Question: Safest way to manually clean the build agent's work folder
andmos opened this issue · comments
Have you tried trouble shooting?
Agent Version and Platform
Mainly 1.95.3
but also 2.123.0
Windows Server 2012 / Windows Server 2016
VSTS Type and Version
On-Prem TFS
Tfs2015 Update3
What's not working?
This is more a question.
We run on-prem TFS2015 agent with the old 1.95.3
agent and have a LOT of repositories.
We haven't found any way to do global retention settings on the build agents, so the disk fills up over time.
Until know we have recycled the build servers themselves now and then, but sometimes we need to do manual cleanup on the agents themselves. I'm just wondering what is the safest way to manually clean out the agents of old builds?

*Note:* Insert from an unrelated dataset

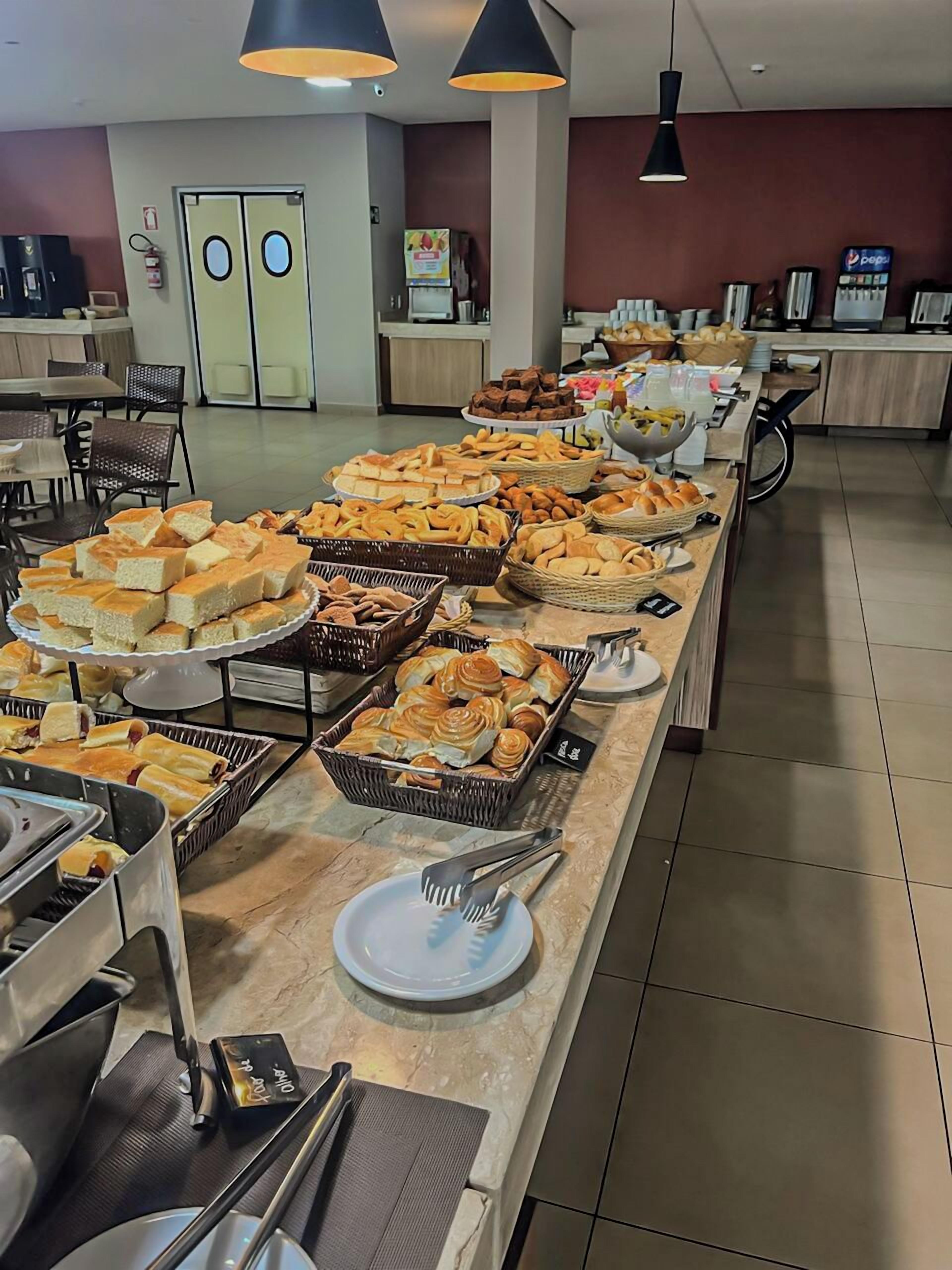 free daily english breakfast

Is it OK to delete stuff under _work
, or does folders like _tasks
need to be handles with care?
We are also running a few agents in the old VSTS (now AzureDevOps I guess) on version 2.123.0
, can the same cleanup strategy be used here in a pinch?

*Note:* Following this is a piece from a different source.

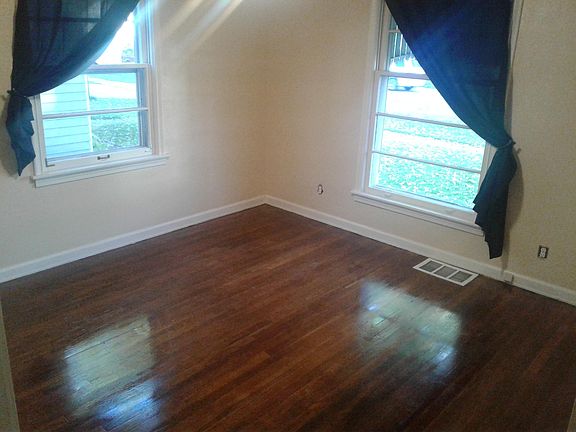 East bedroom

@andmos here is what i would suggest:
- rename the current
_work
to_work_bk
(you can delete the entire_work
folder, but backup the current work folder just in case). - queue definitions that you really need them to work to the agent, the agent should should recreate the entire
_work
folder for you. - if everything works fine, you can just delete
_work_bk
folder created in step 1.
@TingluoHuang - you want to make sure it's not in progress of a build right? Diable and then query not busy?
Thanks @bryanmacfarlane
@andmos let's add step 0. :D
- Make sure there is no running job on the agent and stop the agent process/service first before delete/rename any folder.
Cool. @TingluoHuang and @bryanmacfarlane! What we have tried before hand is this cleanup script:
Get-ChildItem -recurse -directory 'c:\agent\*work' | where { (get-date) - $_.lastwritetime -gt 10. } | remove-item -recurse -Force
So we remove all files older than 10 days. On the VSTS/AzureDevOps agent we this error:
"Could not find a part of the path 'C:\VSTSAgent\_work\_tasks\PublishTestResults_0b0f01ed-7dde-43ff-9cbb-e48954daf9b1\2.0.13\task.json'."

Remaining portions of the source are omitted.